Since mini-batch gradient descent learns from smaller number of examples on each step, it adds noise to the direction towards the minimum (oscillations). Cost function is often very sensitive in the direction of some parameters and not sensitive in the direction of other parameters. Instead of having a learning rate for each parameter, momentum methods solve this issue by using exponential weighted average (moving average) of the past gradients to smooth the steps towards the minimum. Doing so will affect the learning rate by decaying it more as we get closer to the minimum region based on the past gradients. Therefore, momentum methods only affects the update formula (3) and all other implementations such as forward propagation and back-propagation would still be computed the same.

Momentum

Momentum here uses the exponential weighted average of the past gradients to smooth gradients steps in the direction of the convergence. Below are the formulas needed to implement momentum method: $$v_{dW^{[l]}} = \beta v_{dW^{[l]}} + (1 - \beta) dW^{[l]}\tag{4} \\ $$ $$v_{db^{[l]}} = \beta v_{db^{[l]}} + (1 - \beta) db^{[l]}\tag{5} \\ $$ $$W^{[l]} = W^{[l]} - \alpha v_{dW^{[l]}}\tag{6} \\ $$ $$b^{[l]} = b^{[l]} - \alpha v_{db^{[l]}}\tag{7} \\ $$ $\beta$ reflects how far we go back to include the past gradients. For example, if $\beta = 0.9$, then we average over the past 10 gradients ($\frac{1}{1 - \beta}$).
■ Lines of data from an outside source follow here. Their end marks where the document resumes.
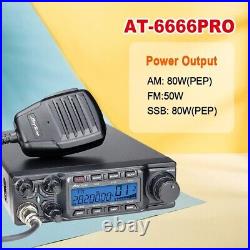 New AnyTone AT-6666PRO 10-Meter Mobile Transceiver Add a Programming Cable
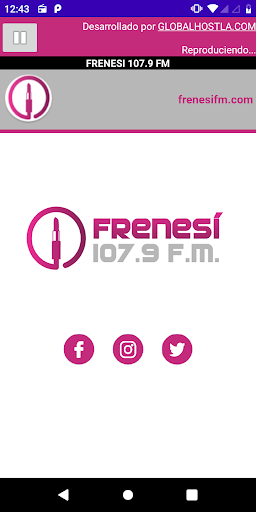 Android application FRENESI 107.9 FM screenshort
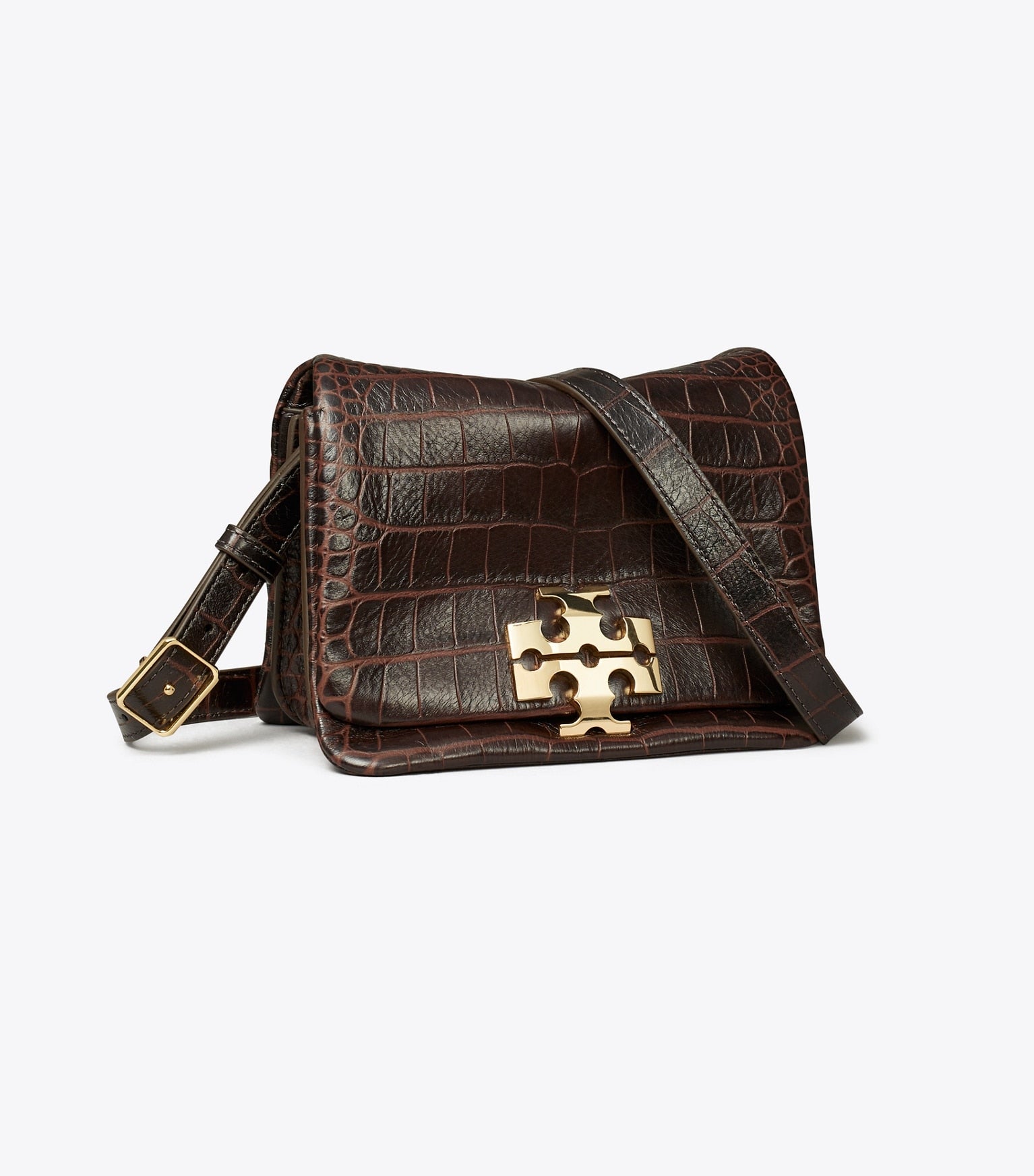 Charlie Runway Croc-Embossed Shoulder Bag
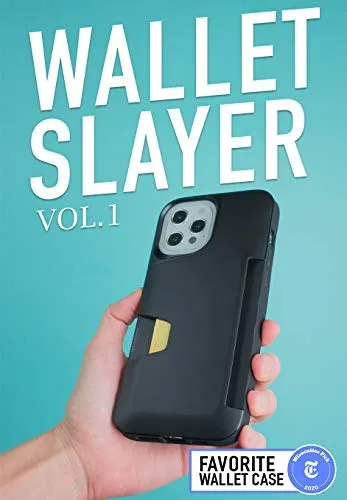 Smartish iPhone 12 Pro Max Wallet Case - Wallet Slayer Vol. 1 [Slim   Protective] Credit Card Holder (Silk) - Black Tie Affair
$v_{dW^{[l]}}$ and $v_{db^{[l]}}$ are initialized to zeros and have the same dimensions as $dW^l$ and $db^l$ respectively.
On each learning step, we store a version of $v_{dW^l}$ and $v_{db^l}$.
The larger the $\beta$, the smoother the gradient steps. However, too large $\beta$ would smooth it too much and it's not good.
For $\beta = 0$, we get the traditional gradient descent.
$\beta$ can be tuned along with learning rate $\alpha$. Common values of $\beta$ range from 0.8 to 0.999. $\beta = 0.9$ is the most common value.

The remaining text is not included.